After its discovery, A. affinis terborghi was included as a form of the Barred Owlet-nightjar Aegotheles bennettii on account of its close similarity to the two mainland races of A. bennettii: the nominate and A. b. wiedenfeldi (Sibley & Monroe 1990). However, it is much darker above and also much larger than either of these these races: its wing length of 154 mm greatly exceeds the 121–128 mm of A. b. bennettii. Mitochondrial DNA differences also suggest a relationship to A. a. affinis, as well as the splitting-off of both A. affinis races from the A. bennettii clade (Dumbacher et al. 2003). The two known populations of the Allied Owlett-nightjar inhabit low-altitude montane areas some 1400 km apart. They may be two distinct species (Beehler & Pratt 2016) but further observations and voice recordings are required to clarify the situation.

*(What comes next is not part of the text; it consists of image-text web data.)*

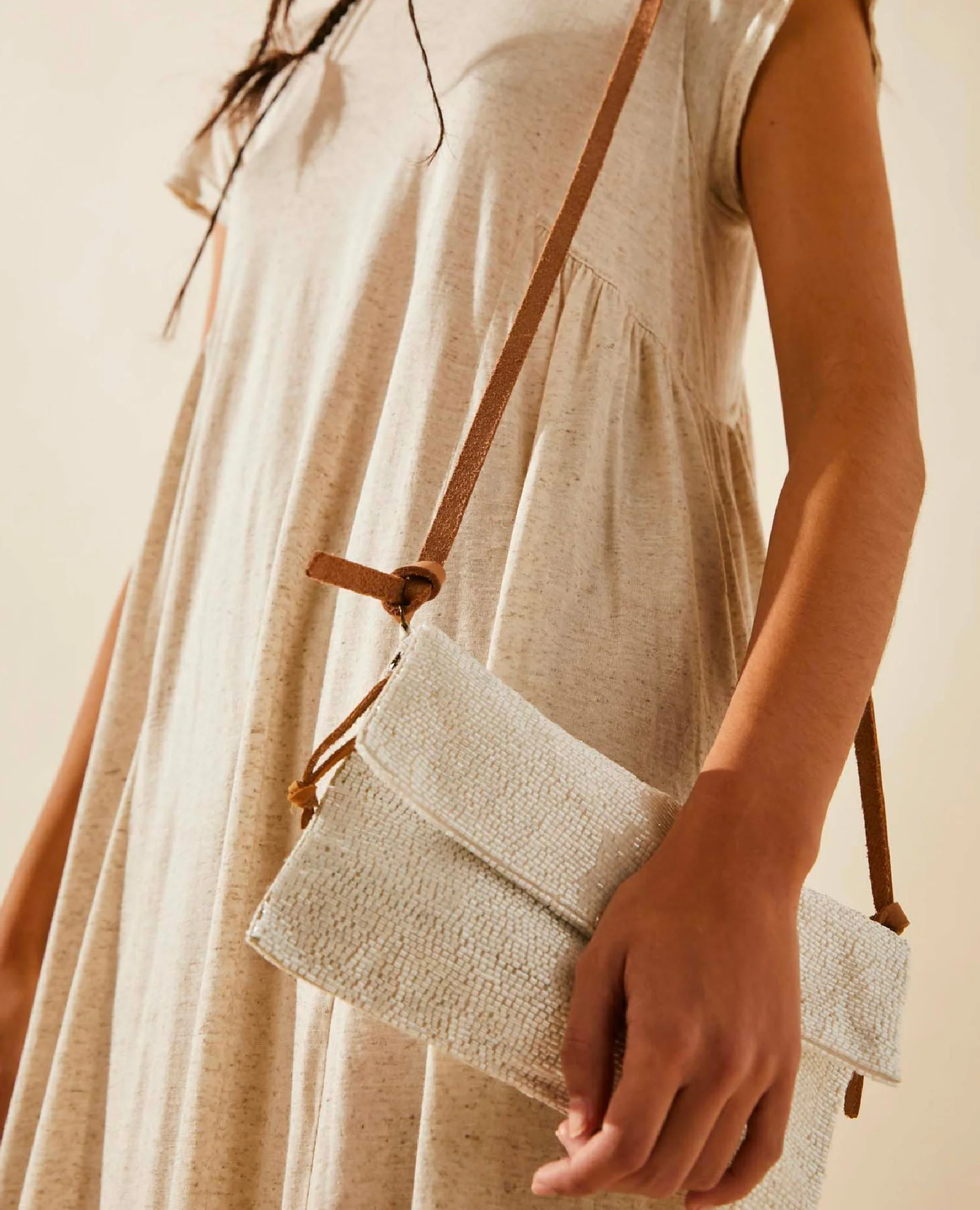 Plus One Embellished Crossbody Bag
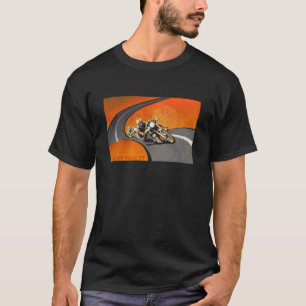 Camiseta motocicleta retro Isla de Man TT poster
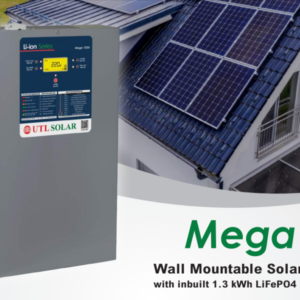 UTL Mega 1KVA Wall Mountable Solar PCU with In built Lithium Battery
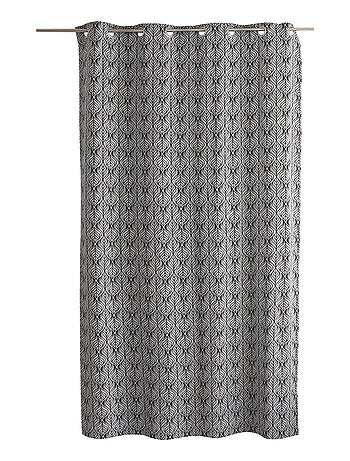 Rideau à oeillets feuille de palmier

I have a keen interest in nocturnal birding and a passion for Papuan birding so the old volcano at Karimui has been a tantalising prospect for me for the past few years. I was keen to see what avian secrets might be waiting there. I enquired about visiting the region for a couple of years and was finally able to travel to Karimui in July 2016, together with Markus Lagerqvist, Roger McNeill and local guide Daniel Wakra. Despite travel difficulties we had four nights in Karimui to find an owlet-nightjar, although this suddenly seemed a tall order since we had no recordings or information on where to look. Our first night was in the Pastor’s house in Karimui village and early next morning we set off with an ever increasing entourage, aiming to climb as high as we could and then camp. We finally came across a small wooden house on the edge of a clearing and, as rain seemed highly probable, we decided to use this as our base from which to explore the higher areas.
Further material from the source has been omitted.